**WORK TO COMPLETE**:
Find "Shower Chair For" in the records that follow; print that line and each subsequent line through the last one, verbatim and with nothing added.

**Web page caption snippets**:
▬▬▬▬▬▬▬▬▬▬
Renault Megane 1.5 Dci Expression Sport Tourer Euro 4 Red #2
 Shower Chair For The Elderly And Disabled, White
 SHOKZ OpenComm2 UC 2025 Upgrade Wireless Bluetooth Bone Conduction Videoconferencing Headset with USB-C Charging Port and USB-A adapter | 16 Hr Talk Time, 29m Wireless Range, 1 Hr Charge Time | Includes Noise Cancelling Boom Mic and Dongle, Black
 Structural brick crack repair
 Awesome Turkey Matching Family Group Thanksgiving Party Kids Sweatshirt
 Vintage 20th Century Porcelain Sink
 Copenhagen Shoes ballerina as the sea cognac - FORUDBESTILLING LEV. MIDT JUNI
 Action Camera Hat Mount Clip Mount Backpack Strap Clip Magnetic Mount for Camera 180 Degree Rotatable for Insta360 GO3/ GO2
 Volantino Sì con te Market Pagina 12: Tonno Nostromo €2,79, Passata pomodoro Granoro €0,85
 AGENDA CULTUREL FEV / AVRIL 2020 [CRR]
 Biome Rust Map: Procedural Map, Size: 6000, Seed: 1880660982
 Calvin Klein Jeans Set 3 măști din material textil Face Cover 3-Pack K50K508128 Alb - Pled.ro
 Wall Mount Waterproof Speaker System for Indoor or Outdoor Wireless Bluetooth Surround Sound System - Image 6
▬▬▬▬▬▬▬▬▬▬
**WRITTEN SOLUTION**:
 Shower Chair For The Elderly And Disabled, White
 SHOKZ OpenComm2 UC 2025 Upgrade Wireless Bluetooth Bone Conduction Videoconferencing Headset with USB-C Charging Port and USB-A adapter | 16 Hr Talk Time, 29m Wireless Range, 1 Hr Charge Time | Includes Noise Cancelling Boom Mic and Dongle, Black
 Structural brick crack repair
 Awesome Turkey Matching Family Group Thanksgiving Party Kids Sweatshirt
 Vintage 20th Century Porcelain Sink
 Copenhagen Shoes ballerina as the sea cognac - FORUDBESTILLING LEV. MIDT JUNI
 Action Camera Hat Mount Clip Mount Backpack Strap Clip Magnetic Mount for Camera 180 Degree Rotatable for Insta360 GO3/ GO2
 Volantino Sì con te Market Pagina 12: Tonno Nostromo €2,79, Passata pomodoro Granoro €0,85
 AGENDA CULTUREL FEV / AVRIL 2020 [CRR]
 Biome Rust Map: Procedural Map, Size: 6000, Seed: 1880660982
 Calvin Klein Jeans Set 3 măști din material textil Face Cover 3-Pack K50K508128 Alb - Pled.ro
 Wall Mount Waterproof Speaker System for Indoor or Outdoor Wireless Bluetooth Surround Sound System - Image 6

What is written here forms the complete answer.